Nos bastidores, integrantes da Corte apontam que se o plenário analisar antes o recurso da PGR que contesta a anulação das condenações de Lula, e Kassio “segurar” a vista da suspeição de Moro por mais tempo, isso pode poupar o ministro de dar o "voto de minerva" no julgamento da Segunda Turma.
Isso porque o julgamento no plenário do STF sobre a decisão de Fachin não deve se limitar à discussão sobre a anulação das condenações de Lula na Lava Jato. Nas 46 páginas que provocaram um terremoto político no País, Fachin também determinou o arquivamento do habeas corpus que discute a suspeição de Moro na ação do triplex do Guarujá, justamente para impedir que a análise do tema avançasse na Segunda Turma.
Interlocutores de Fachin avaliam que há espaço, sim, para o plenário do tribunal decidir se o habeas corpus da suspeição de Moro na Turma deve ou não ser arquivado, como determinou o ministro. Se a Segunda Turma já tiver concluído o julgamento da parcialidade do ex-juiz até lá, também haveria a possibilidade de o plenário reverter um eventual entendimento desfavorável a Moro.
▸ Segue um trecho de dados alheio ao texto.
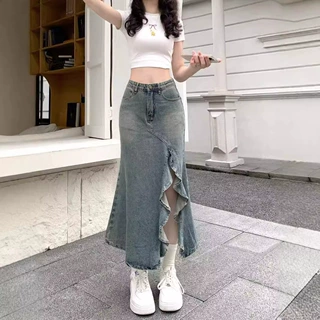 复古中长款牛仔半身裙女春夏设计感小众不规则波浪开叉高腰鱼尾裙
A ala contrária à Lava Jato, no entanto, insiste para que Kassio devolva a vista o quanto antes, permitindo a conclusão do julgamento sobre a conduta de Moro. O grupo pró-Lava Jato teme esse cenário, por avaliar que se Moro for declarado parcial, isso poderia provocar efeitos colaterais em toda a operação, contaminando-a por inteiro.
Para retomar o dilema de Sandel, é como se a Lava Jato fosse um trem, descendo ladeira abaixo, a mais de 90 km/h, sem freios nem rumo definido. A dúvida é saber qual manobra dos maquinistas do STF vai prevalecer para produzir menos “vítimas” - ou mais.